Jenny concludes her book with an inspirational note for all of us who see the world in different directions: “My travelin’ eye still wonders sometimes,” Jenny writes, “but that’s the true nature of an artist — to see the world in her own unique way.”

This book is almost as much fun for adults as it is for children, and it will quickly become a favorite. Purchase the My Travelin’ Eye today. You’ll be glad you did! You can also visit the My Travelin’ Eye page at Jenny Sue’s Dancing Elephant Studio for more information.

Disclosure: I received a complimentary copy from the author for review, but my review is my honest opinion of the book.

New northern California strabismus support group

Susanna wearing prism glasses for Vision TherapyYesterday I shared Susanna’s story. Her photo here shows her wearing prism glasses as part of her home vision therapy. Susanna is currently organizing a northern California strabismus support group. You can read more about this in Susanna’s words below. Just before this went to post, she sent me a note that the support group is not limited to those doing vision therapy, but for all strabismics. The first meeting is tentatively planned to be held in Berkley near the end of July. Email Susanna at the address she provides for further information. Susanna writes:

Do you see two moons and stare at broccoli?

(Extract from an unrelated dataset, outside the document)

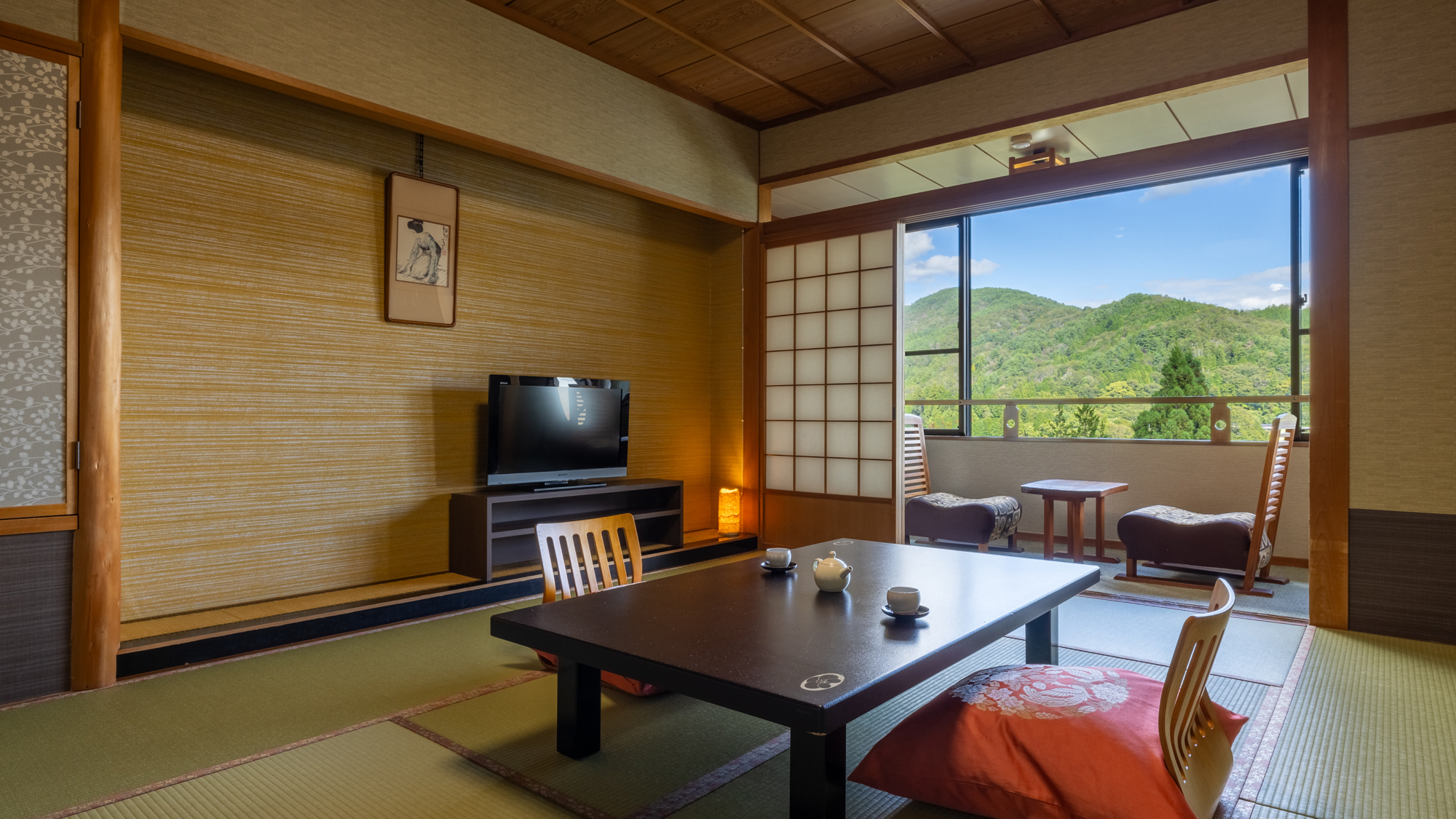 【和室10畳‐町景】高台から望む温泉街の景色が心を癒します。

Or perhaps you find the little circles on orange peels and the space between orange pulp to be incredibly captivating while your friends and family don’t understand why you just won’t stop staring and eat.

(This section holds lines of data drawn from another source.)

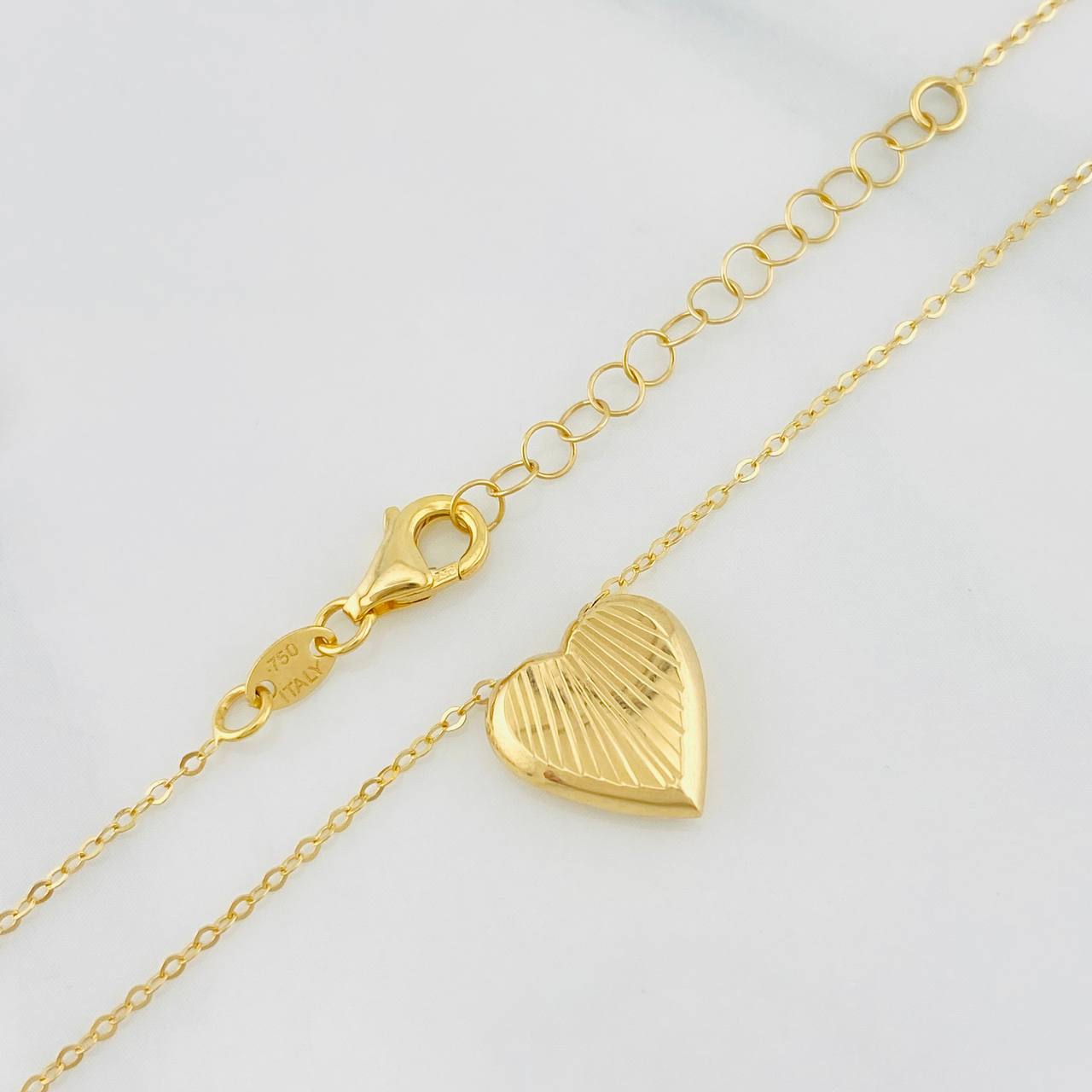 Cadena Aro Seguido Corazon 1.8g / 18 in / 0.7mm Oro Amarillo 18K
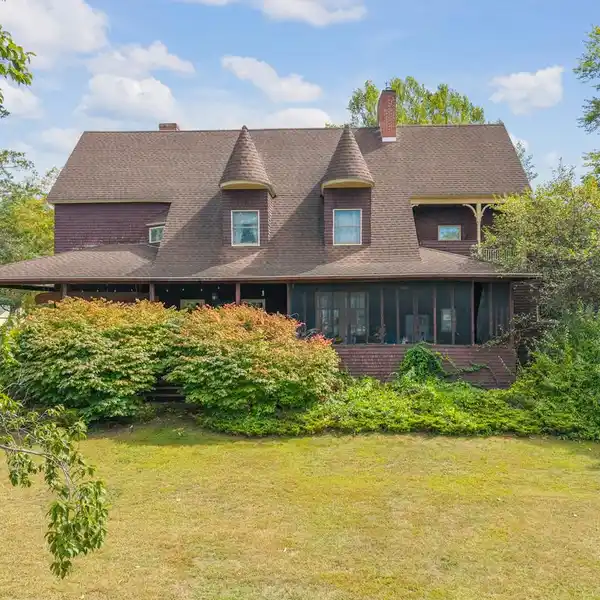 HISTORIC QUEEN ANNE ESTATE WITH PRIVATE POOL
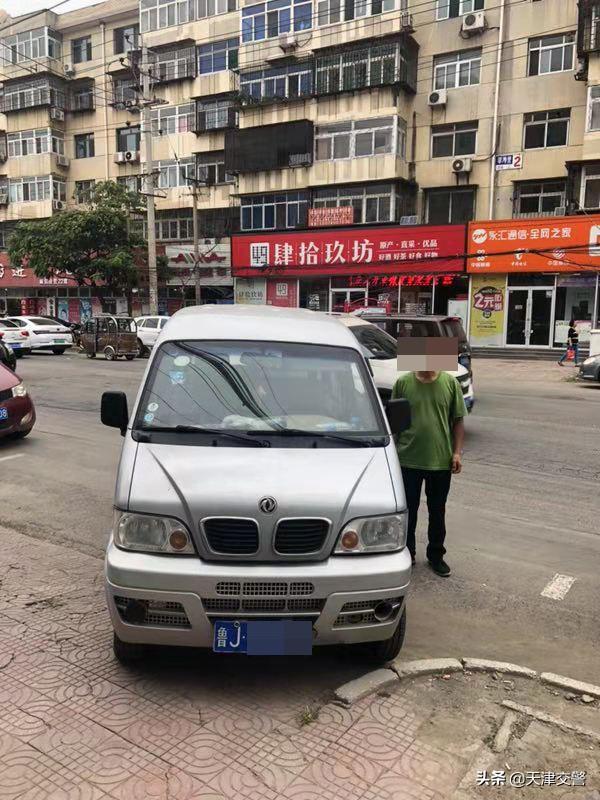 開(kāi)學(xué)首日 交警查獲超員黑校車 派警入校宣傳教育消除隱患 開(kāi)學(xué)首日 交警查獲超員黑校車 派警入校宣傳教育消除隱患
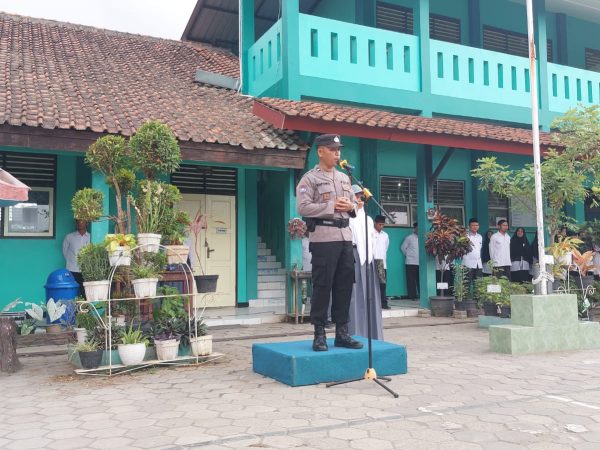 Amanat Anggota Polsek Gombong di MAN 4 Kebumen  Tentang  Tertib Berlalu Lintas dan Kenakalan Remaja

Are you an adult doing vision therapy in the San Francisco Bay Area and want to meet other adult VT patients on the road to 3D?

I’d like to meet other adults who are doing vision therapy in the San Francisco Bay Area so we can meet in person and swap stories, find ways to provide emotional support and take walks together to point out the new things we see. I live in Cupertino in Silicon Valley. Depending on where people are, we can find a central spot and talk, walk and eat together and comment on the wonderful texture and depth of our food.

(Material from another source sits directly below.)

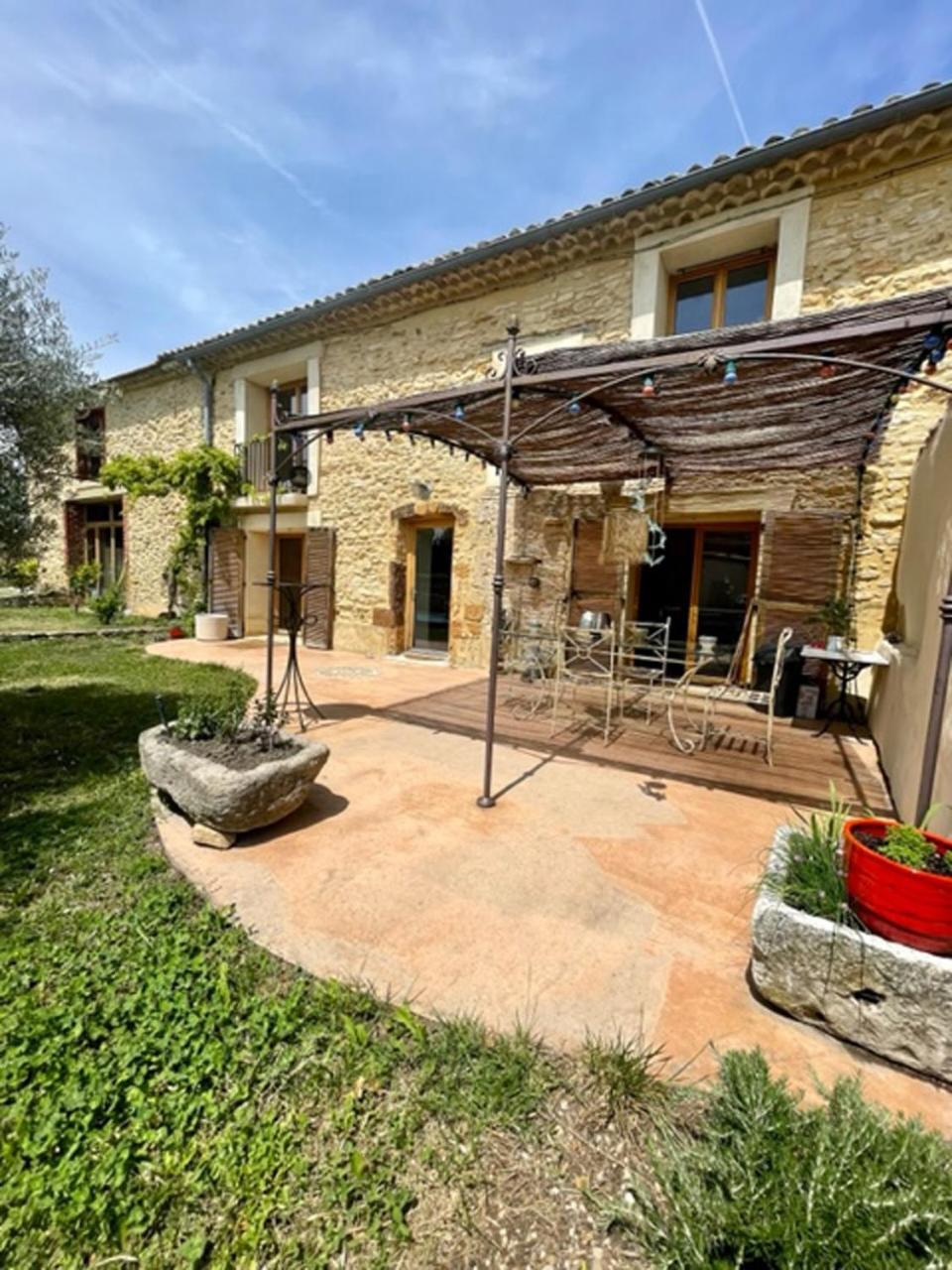 Отель La Maison Bliss Пьолан Экстерьер фото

So far, I have only had cyber contact with other strabismic or amblyope adults who are undergoing this life-altering therapy and I’d like to meet people in person.

I’ve been in vision therapy for 16 months and I’ve found it to be the most alienating journey I’ve ever been on. When I describe to people who do see in 3D how I find myself staring at carpets, refrigerator doors, citrus peels, trees, rain drops on rose petals, etc, few understand what I am going through. Here I am, a globetrotter quoted in the press for travel advice, and I am spending my time in awe with my jaw dropped staring at the gym carpet — a far cry from the Forbidden City or The Great Wall of China. One person told me that he only fixated his gaze on fruit when he was on drugs. Absent any mind altering illegal substances, the transition to binocular vision can definitely resemble an altered state of consciousness. Being in it alone makes it all the more difficult and frustrating.

By the way, if you’re not keen on broccoli either as an object of admiration or as a food to eat, we can look at other things that have space between branches or have other qualities that require depth perception. With the good weather here, a walk in the park with other monocular to binocular Bay Area people would be excellent.